| What the task requires |
Every line from the one containing "father and graduate" to the end of the data below should be copied exactly, but pictures should not.

Short descriptive text snippets:
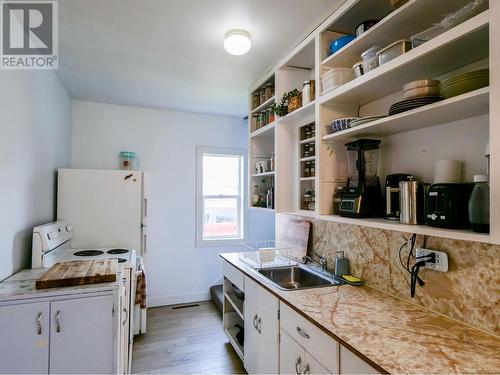 783 Abbott Drive, Quesnel, BC - Indoor Photo Showing Laundry Room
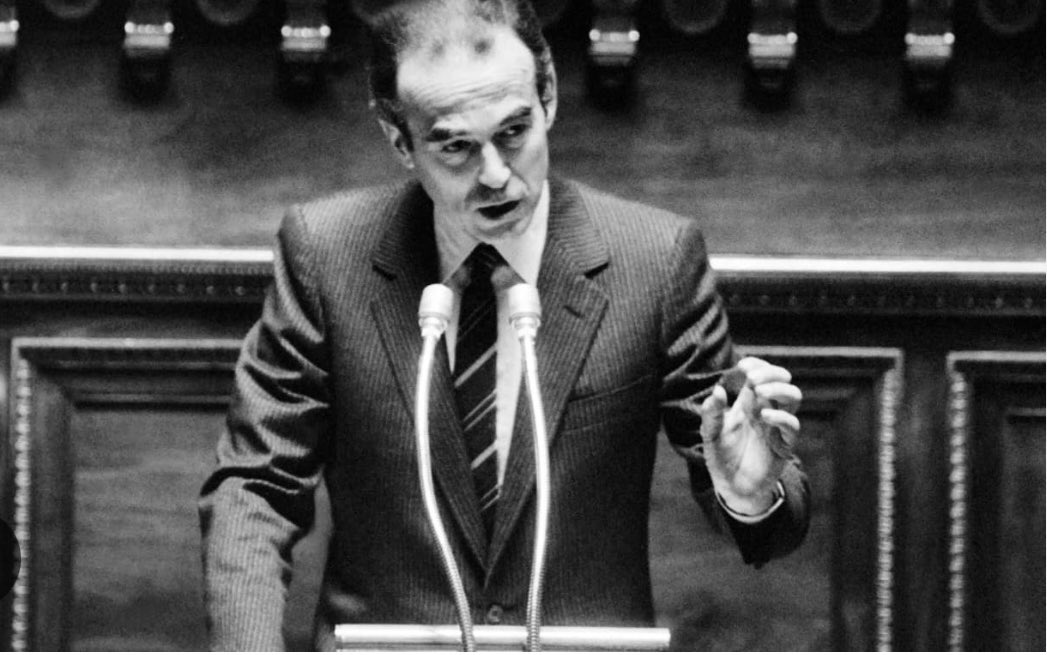 ElseJOSEPH's tweet photo. Hommage à Robert Badinter. Grand juriste, avocat, il a mené le combat contre la peine de mort. Garde des Sceaux, président du Conseil constitutionnel, il a aussi été un Sénateur aux convictions fortes et inébranlables ! La France perd un éminent serviteur de la justice. https://t.co/mz83OnAVM3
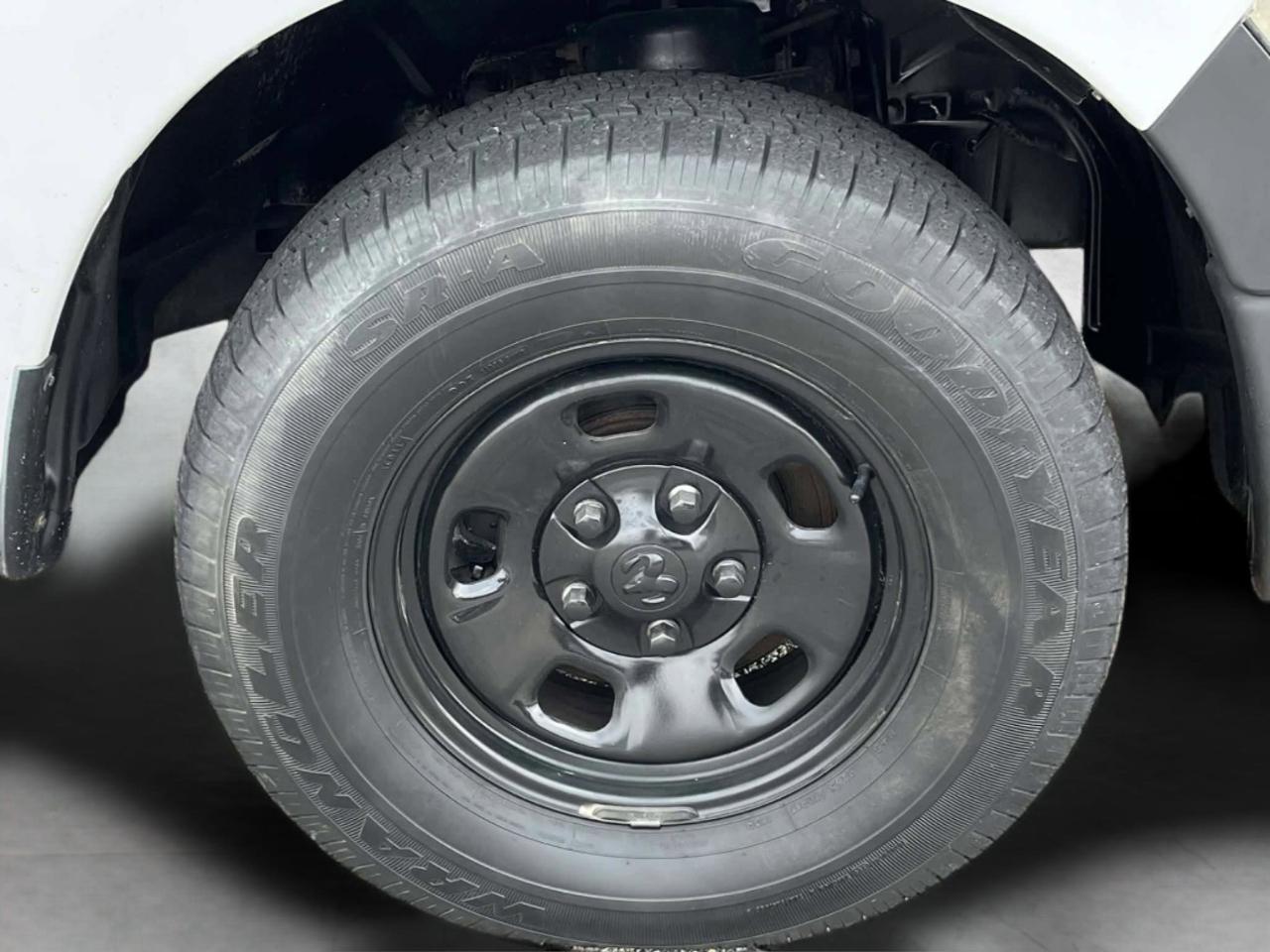 RAM 1500 SSV Crew Cab SWB 4WD 2015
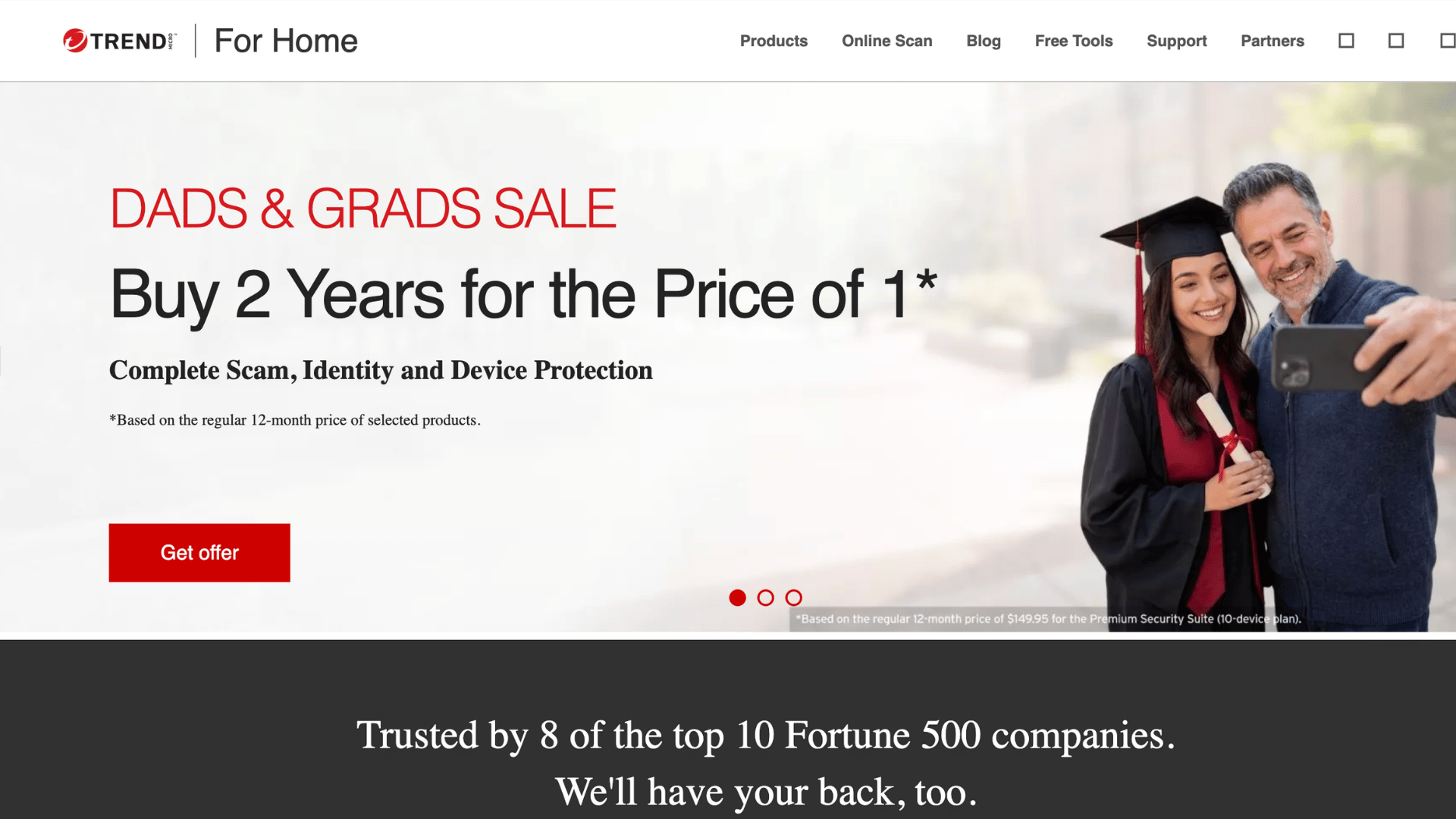 father and graduate daughter taking a selfie outdoors promoting device identity and scam protection offer on trend micro homepage (1)
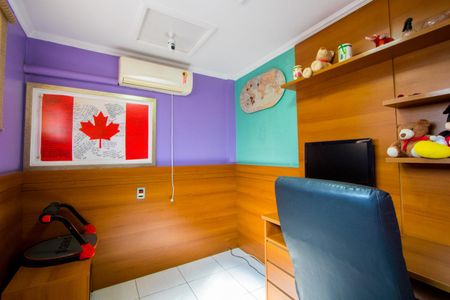 Casa à venda com 298m², 3 quartos e 5 vagas Casa à venda com 298m², 3 quartos e 5 vagasQuarto 2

| Solved exercise |
 father and graduate daughter taking a selfie outdoors promoting device identity and scam protection offer on trend micro homepage (1)
 Casa à venda com 298m², 3 quartos e 5 vagas Casa à venda com 298m², 3 quartos e 5 vagasQuarto 2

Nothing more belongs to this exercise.